- WHAT YOU ARE ASKED TO DO -
Please give again, word for word, the lines that lie between the start of the listing below and the line with "Video review of Bubble Magik by Elena", both included.

- LISTED ENTRIES -

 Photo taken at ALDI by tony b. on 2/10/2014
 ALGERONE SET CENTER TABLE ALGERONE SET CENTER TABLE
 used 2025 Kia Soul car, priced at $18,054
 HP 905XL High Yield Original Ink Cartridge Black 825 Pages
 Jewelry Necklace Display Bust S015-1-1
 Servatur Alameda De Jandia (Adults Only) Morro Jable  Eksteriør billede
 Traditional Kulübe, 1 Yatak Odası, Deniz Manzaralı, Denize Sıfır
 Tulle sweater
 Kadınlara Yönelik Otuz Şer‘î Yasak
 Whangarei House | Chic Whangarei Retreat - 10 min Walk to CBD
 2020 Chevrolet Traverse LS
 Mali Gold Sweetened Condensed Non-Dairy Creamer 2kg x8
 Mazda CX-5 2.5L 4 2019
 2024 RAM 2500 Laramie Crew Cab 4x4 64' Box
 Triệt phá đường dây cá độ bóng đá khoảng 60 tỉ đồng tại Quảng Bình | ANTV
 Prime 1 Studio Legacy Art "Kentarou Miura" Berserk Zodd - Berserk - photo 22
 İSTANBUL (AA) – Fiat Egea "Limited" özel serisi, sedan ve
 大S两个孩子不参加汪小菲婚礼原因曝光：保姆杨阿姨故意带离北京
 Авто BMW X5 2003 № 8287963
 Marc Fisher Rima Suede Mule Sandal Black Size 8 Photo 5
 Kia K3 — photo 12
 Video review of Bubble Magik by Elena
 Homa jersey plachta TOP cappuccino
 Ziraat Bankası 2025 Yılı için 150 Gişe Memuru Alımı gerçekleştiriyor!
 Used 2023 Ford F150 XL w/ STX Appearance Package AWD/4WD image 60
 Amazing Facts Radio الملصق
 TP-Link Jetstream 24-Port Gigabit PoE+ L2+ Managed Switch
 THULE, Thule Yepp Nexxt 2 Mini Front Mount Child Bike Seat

- RESPONSE -
 Photo taken at ALDI by tony b. on 2/10/2014
 ALGERONE SET CENTER TABLE ALGERONE SET CENTER TABLE
 used 2025 Kia Soul car, priced at $18,054
 HP 905XL High Yield Original Ink Cartridge Black 825 Pages
 Jewelry Necklace Display Bust S015-1-1
 Servatur Alameda De Jandia (Adults Only) Morro Jable  Eksteriør billede
 Traditional Kulübe, 1 Yatak Odası, Deniz Manzaralı, Denize Sıfır
 Tulle sweater
 Kadınlara Yönelik Otuz Şer‘î Yasak
 Whangarei House | Chic Whangarei Retreat - 10 min Walk to CBD
 2020 Chevrolet Traverse LS
 Mali Gold Sweetened Condensed Non-Dairy Creamer 2kg x8
 Mazda CX-5 2.5L 4 2019
 2024 RAM 2500 Laramie Crew Cab 4x4 64' Box
 Triệt phá đường dây cá độ bóng đá khoảng 60 tỉ đồng tại Quảng Bình | ANTV
 Prime 1 Studio Legacy Art "Kentarou Miura" Berserk Zodd - Berserk - photo 22
 İSTANBUL (AA) – Fiat Egea "Limited" özel serisi, sedan ve
 大S两个孩子不参加汪小菲婚礼原因曝光：保姆杨阿姨故意带离北京
 Авто BMW X5 2003 № 8287963
 Marc Fisher Rima Suede Mule Sandal Black Size 8 Photo 5
 Kia K3 — photo 12
 Video review of Bubble Magik by Elena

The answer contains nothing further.